- Born: December 24, 1816 Kunkle's Mill, East Brunswick Township, Pennsylvania, U.S.
- Died: January 7, 1903 (aged 86)
- Occupations: Farmer, Politician
- Known for: member of the Pennsylvania House of Representatives
- Political party: Republican
- Children: 11, including Richard H. Koch
- Relatives: Roscoe R. Koch (grandson) Richard L. Yuengling Jr.

= Daniel Koch (politician) =

American politician

Daniel Koch (December 24, 1816 - January 7, 1903) was an American politician. A member of the Pennsylvania House of Representatives, he was elected in 1860. He was the father of railroad magnate Richard H. Koch and served as a Union soldier in the Civil War.

==Early life==
Koch was born as the first of ten children to Henry Koch and Susanna Bock Koch on December 24, 1816. He was born at the mill that his ancestors built, called Kunkle's Mill. Susanna was the daughter of Balthaser Bock, an emigrant from Prussia. Koch was also ethnically Germanic; his ancestor Adam Koch arrived from Germany on May 30, 1741. Adam settled in Whitehall Township, Pennsylvania.
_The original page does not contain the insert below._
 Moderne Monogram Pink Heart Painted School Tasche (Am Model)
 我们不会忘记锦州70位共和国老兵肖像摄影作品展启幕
Daniel Koch's siblings were: Hugh, Henry, William and Charles (twins), Mary (who married Eli Miller), Catherine (who married William Shuman), Sarah (who married Charles T. Bowen of Pottsville), and Amanda (who married Jacob H. Pyle).

On October 24, 1839, Daniel married Miss Mary Ann Beck who was "from an old and prominent family in Pennsylvania." She was born on January 24, 1818, and died August 26, 1888. Together, Koch and Mary had eleven children, being: Harriet (who married B. F. Jacobs), Francis Daniel, Allen, Jeremiah, Albert B., Sarah Maria (who married Dr. Lentz of Fleetwood), Richard Henry, Emanuel, Arenius Glen, Catherine "Kate" Mary (who married Oscar B. Mellott), and Ambrose Ellsworth. All but Albert B. lived to maturity, who died at the age of six.

===Business===
After his marriage to Mary, the family moved to Middleport, Pennsylvania, where Koch joined in the mercantile business. In 1857, they moved again, and this time he began farming. Daniel's father Henry had been a successful farmer, merchant and miller. Daniel continued in that tradition and ended up owning the Koch Homestead, which comprised 143 acres. Of those, over 100 were cultivated.

In 1866, the family moved again, this time to Monocacy in Berks County. There, Koch purchased and managed a flour mill. He purchased a second mill in the town of Fleetwood, which he operated until his retirement in 1882.

==Politics==
Koch was considered "an influential man in politics." He stumped the county with a number of influential men, including Anson Burlingame, Governor Andrew Gregg Curtin, George Francis Train, and others. He was nominated and elected to the Pennsylvania House of Representatives in 1860, as a Republican, where he was considered "a very popular public speaker and valued member of his party."

In 1863, when Pennsylvania was invaded by General Robert E. Lee of the Confederate States Army during the Civil War, Daniel and his third son Jeremiah served in protecting the state. Both joined Company E in the 27th Pennsylvania Infantry Regiment. Daniel's oldest son Francis served for three years in the Union Army against the Confederates as a company commander, gaining the rank of captain. Daniel's brothers Hugh, Henry, William and Charles also served in the Union army as well.